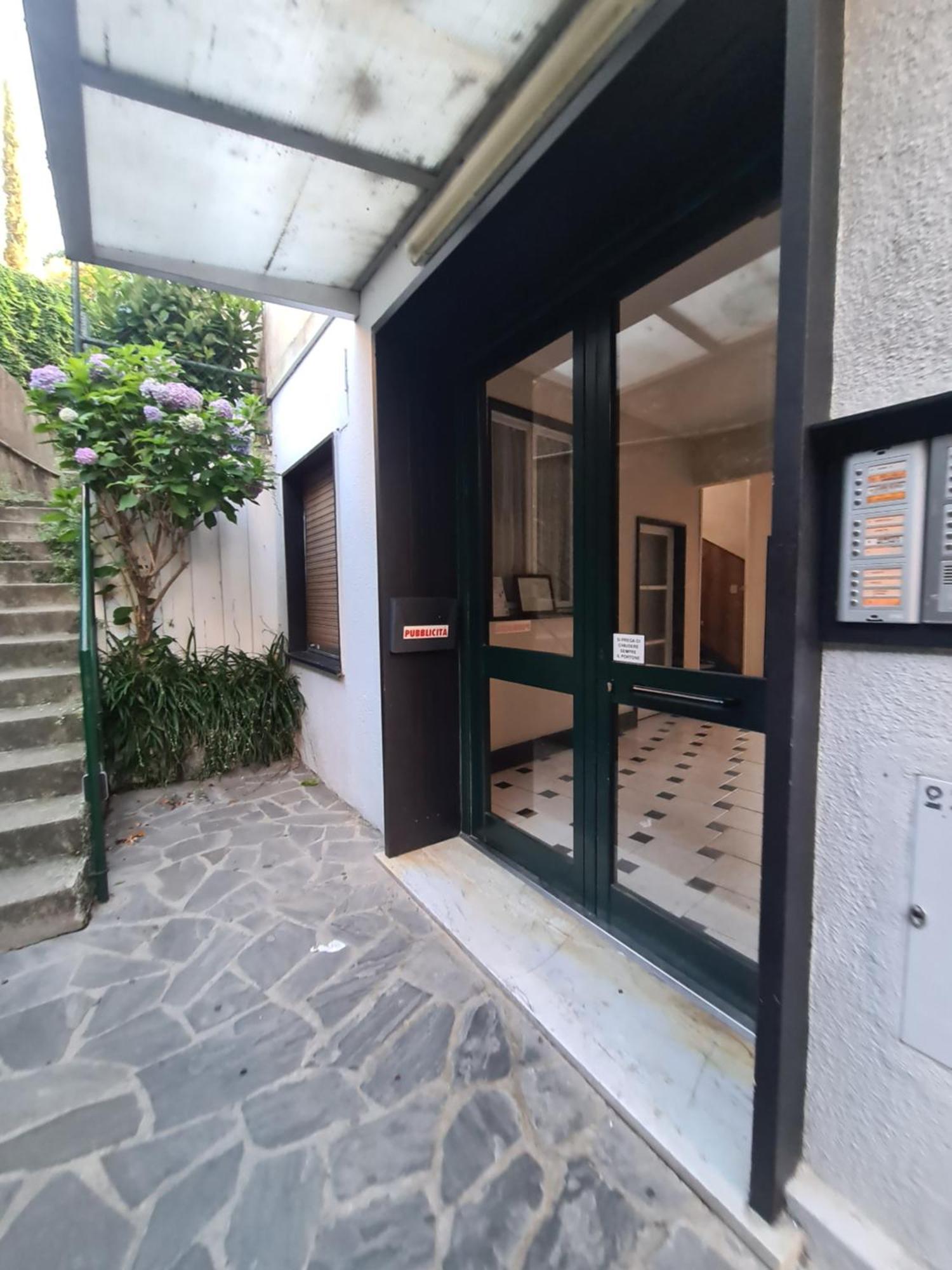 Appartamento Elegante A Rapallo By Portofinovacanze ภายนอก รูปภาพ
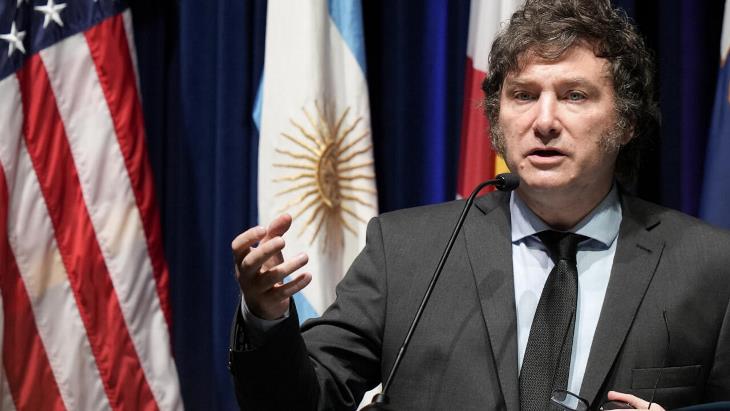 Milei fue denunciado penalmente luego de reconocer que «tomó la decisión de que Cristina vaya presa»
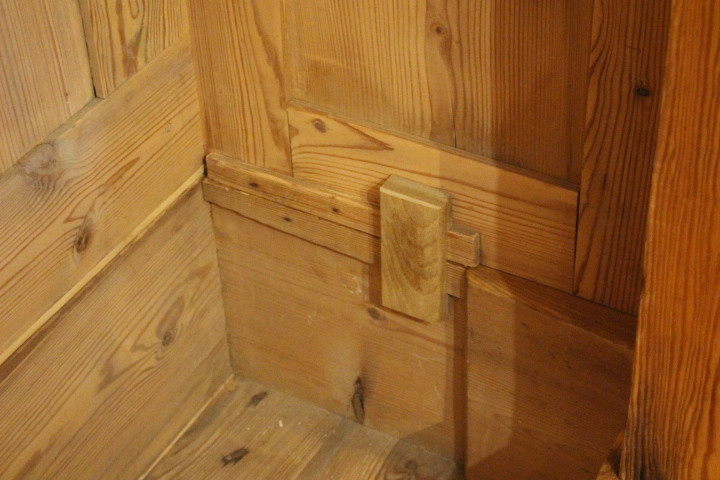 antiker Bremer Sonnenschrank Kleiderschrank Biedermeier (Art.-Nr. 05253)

----

> Exercise description: What should appear is an exact reproduction of the lines from the one with "Milei fue denunciado" through the end of the material above, and no pictures.

> Problem solution:
 Milei fue denunciado penalmente luego de reconocer que «tomó la decisión de que Cristina vaya presa»
 antiker Bremer Sonnenschrank Kleiderschrank Biedermeier (Art.-Nr. 05253)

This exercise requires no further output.